_Your instructions_: Only the lines below from the one containing "The front door" through the one containing "I love the Salon" belong in the answer, repeated exactly and without pictures.

*** Opening of Materials provided ***

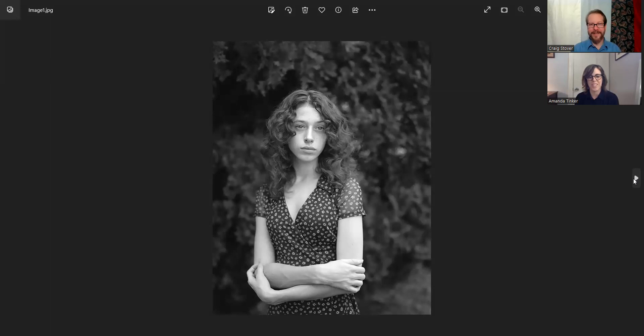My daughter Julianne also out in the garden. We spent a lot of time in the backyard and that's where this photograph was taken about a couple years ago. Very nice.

*** Close of Materials provided ***
*** Opening of Materials provided ***

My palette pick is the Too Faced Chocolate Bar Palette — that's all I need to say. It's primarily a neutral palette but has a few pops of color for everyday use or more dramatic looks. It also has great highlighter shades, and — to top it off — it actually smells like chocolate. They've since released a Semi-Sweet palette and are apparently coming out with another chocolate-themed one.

*** Close of Materials provided ***
*** Opening of Materials provided ***

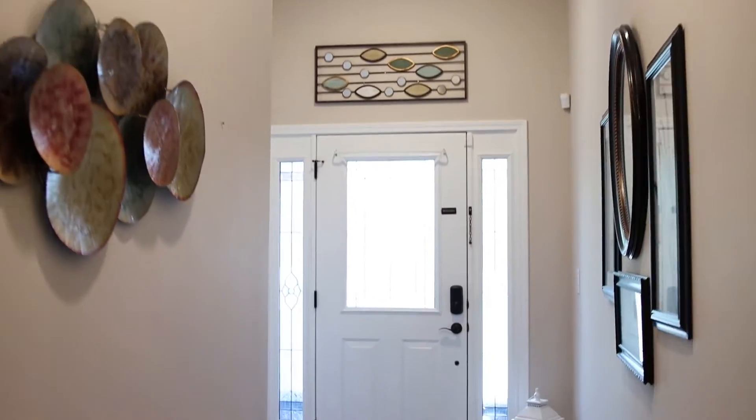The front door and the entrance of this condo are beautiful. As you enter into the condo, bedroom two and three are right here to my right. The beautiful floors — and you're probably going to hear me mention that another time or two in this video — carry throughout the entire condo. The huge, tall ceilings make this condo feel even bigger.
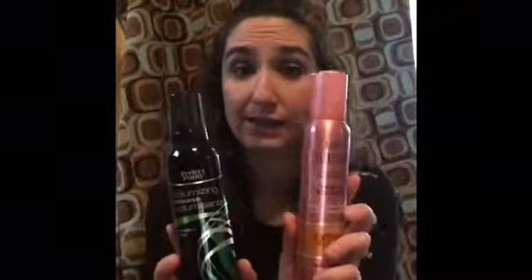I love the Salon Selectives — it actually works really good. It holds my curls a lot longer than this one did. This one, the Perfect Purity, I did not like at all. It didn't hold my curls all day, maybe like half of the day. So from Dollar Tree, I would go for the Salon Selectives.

*** Close of Materials provided ***

_Answer to this task_:
The front door and the entrance of this condo are beautiful. As you enter into the condo, bedroom two and three are right here to my right. The beautiful floors — and you're probably going to hear me mention that another time or two in this video — carry throughout the entire condo. The huge, tall ceilings make this condo feel even bigger.
I love the Salon Selectives — it actually works really good. It holds my curls a lot longer than this one did. This one, the Perfect Purity, I did not like at all. It didn't hold my curls all day, maybe like half of the day. So from Dollar Tree, I would go for the Salon Selectives.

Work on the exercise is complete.